Pa Salt has died suddenly; he is the fabulously wealthy, secretive, reclusive adoptive father to six sisters whose origins are a mystery. Only when he has gone do they realise they should have asked him for information. Each of the sisters is given a clue and a letter. Also in the envelope is a triangular-shaped tile. The Seven Sisters is the story of the eldest D’Aplièse sister. Maia’s clue is a map reference that takes her to a crumbling mansion in Rio de Janeiro in Brazil where she meets an enigmatic elderly woman.
The book came alive for me with the story, eighty years earlier, of Izabela Rosa Bonifacio. Izabela, daughter of a nouveau riche coffee merchant in Rio, is facing an arranged marriage. Desperate to see more of the world before she settles down to a stifling life of marriage to a husband she doesn’t love, she persuades her father and fiancé to allow her to travel to Paris with her friend, Maria Elisa, daughter of architect Heitor da Silva Costa. This section of the novel enthralled me; the design and sculpting of the Cristo sculpture for the top of the Corvocado mountain, all based on historical fact.
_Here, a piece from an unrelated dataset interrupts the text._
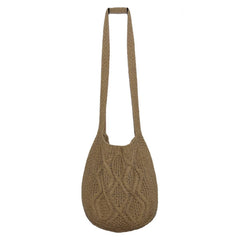 Cwab4573_Solid Knit Twist Vintage Tote Crossbody Bag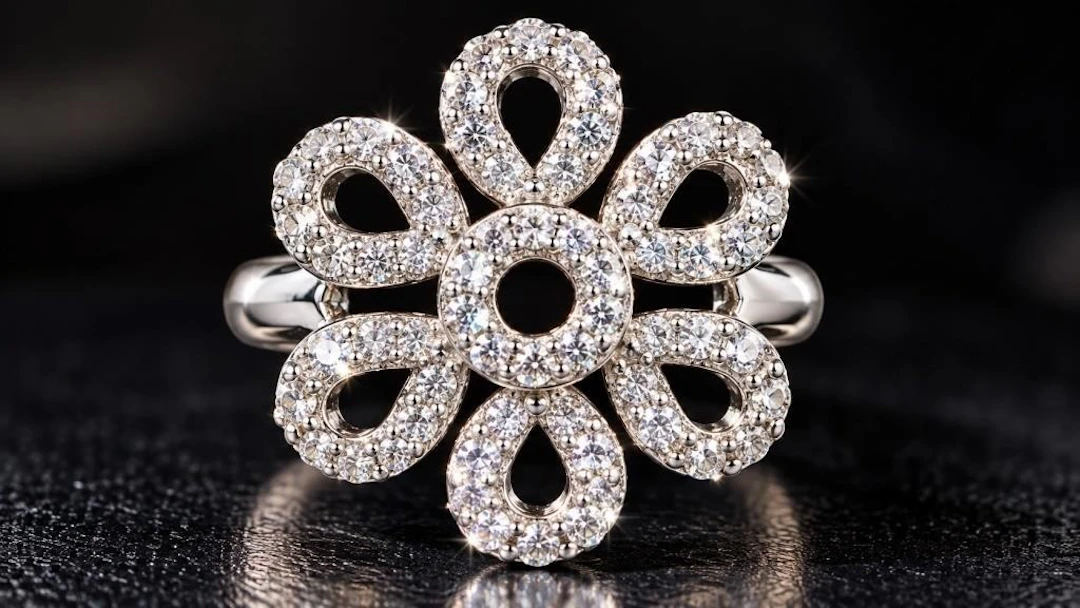 $120, Silver(4.86g), CZRing, size 7, appraised/ret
I connected with Izabela in a way I didn’t with Maia. Maia uncovers the story of Izabela with the help of Brazilian author Floriano Quintelas, whose latest novel Maia has translated into French. In the course of her research, Maia must face the shadows of her own past, her regrets and shame, in order to move on. I enjoyed Izabela’s story but at the back of my mind I queried its relevance to Maia; Izabela was too old be her mother. I missed a direct connection to Maia and this frequently took me out of the world of the story.
That connection does come but as the story finished I was left with almost as many questions as at the beginning. The last chapter is devoted to the second sister, Ally, with new mysteries for the second book in the series.